- [GOAL OF THE EXERCISE] Work out how many lines of the listing hold "Picture", then state only that count.
________________________
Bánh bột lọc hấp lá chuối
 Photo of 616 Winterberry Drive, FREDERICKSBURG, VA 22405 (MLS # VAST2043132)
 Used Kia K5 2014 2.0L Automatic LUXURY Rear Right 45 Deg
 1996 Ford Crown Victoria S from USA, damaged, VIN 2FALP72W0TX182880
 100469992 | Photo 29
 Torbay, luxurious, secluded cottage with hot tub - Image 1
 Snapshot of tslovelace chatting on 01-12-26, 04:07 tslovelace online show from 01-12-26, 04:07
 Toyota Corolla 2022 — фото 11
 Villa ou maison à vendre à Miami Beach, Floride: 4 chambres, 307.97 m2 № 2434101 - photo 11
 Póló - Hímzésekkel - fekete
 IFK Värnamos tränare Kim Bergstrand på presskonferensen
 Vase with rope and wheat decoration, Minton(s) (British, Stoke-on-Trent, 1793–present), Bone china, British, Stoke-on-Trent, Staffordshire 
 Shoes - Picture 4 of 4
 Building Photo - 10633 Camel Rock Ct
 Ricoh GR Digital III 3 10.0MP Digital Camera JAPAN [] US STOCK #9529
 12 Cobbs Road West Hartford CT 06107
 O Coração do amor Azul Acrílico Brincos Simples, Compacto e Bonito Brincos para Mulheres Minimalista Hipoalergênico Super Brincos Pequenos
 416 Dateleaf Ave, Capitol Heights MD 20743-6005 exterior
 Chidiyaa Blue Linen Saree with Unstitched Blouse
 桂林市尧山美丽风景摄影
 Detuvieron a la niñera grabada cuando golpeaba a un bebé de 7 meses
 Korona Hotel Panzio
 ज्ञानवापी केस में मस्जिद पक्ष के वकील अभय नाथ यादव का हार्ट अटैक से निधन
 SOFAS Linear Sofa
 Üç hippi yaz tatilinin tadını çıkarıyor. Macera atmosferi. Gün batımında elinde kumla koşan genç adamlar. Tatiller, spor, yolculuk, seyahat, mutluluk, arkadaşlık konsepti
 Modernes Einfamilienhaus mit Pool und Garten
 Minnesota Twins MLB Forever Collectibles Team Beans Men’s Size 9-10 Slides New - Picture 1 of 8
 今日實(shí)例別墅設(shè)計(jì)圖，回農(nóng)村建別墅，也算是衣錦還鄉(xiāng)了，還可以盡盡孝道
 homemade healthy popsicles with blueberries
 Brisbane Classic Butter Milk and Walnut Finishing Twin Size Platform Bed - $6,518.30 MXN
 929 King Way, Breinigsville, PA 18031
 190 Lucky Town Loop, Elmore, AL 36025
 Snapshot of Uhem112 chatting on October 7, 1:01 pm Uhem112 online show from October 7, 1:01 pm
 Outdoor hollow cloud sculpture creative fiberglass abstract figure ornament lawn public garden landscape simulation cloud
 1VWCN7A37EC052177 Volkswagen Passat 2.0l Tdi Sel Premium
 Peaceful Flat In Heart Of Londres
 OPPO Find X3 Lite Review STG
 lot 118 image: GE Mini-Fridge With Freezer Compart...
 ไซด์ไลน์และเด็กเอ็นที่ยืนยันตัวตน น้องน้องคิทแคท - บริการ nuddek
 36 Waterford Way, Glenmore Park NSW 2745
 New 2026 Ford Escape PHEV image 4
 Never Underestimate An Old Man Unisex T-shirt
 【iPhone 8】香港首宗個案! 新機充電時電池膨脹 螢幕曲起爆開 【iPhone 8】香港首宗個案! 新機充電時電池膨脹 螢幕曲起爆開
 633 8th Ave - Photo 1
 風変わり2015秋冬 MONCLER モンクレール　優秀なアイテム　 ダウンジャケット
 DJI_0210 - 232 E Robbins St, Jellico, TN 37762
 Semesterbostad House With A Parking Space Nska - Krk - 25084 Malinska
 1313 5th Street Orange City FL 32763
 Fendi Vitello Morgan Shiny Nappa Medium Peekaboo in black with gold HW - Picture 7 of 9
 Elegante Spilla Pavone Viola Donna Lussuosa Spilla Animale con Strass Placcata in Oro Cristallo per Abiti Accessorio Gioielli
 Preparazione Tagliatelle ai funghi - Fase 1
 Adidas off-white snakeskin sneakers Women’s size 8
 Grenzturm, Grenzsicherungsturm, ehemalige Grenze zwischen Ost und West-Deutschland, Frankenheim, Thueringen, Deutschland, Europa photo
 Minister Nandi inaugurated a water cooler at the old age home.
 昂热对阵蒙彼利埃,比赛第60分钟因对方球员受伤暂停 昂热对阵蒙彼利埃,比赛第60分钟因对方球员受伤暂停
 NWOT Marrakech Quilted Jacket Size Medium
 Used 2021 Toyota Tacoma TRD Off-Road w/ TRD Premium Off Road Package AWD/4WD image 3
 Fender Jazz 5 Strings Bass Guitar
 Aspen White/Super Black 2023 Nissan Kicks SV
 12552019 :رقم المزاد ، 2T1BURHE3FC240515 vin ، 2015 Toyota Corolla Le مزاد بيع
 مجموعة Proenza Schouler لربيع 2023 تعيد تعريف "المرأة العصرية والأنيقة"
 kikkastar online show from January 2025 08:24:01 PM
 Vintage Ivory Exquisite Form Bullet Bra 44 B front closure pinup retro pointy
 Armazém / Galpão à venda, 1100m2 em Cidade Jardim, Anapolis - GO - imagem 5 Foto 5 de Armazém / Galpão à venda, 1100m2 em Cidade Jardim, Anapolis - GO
________________________
- [SOLVED PROBLEM] 3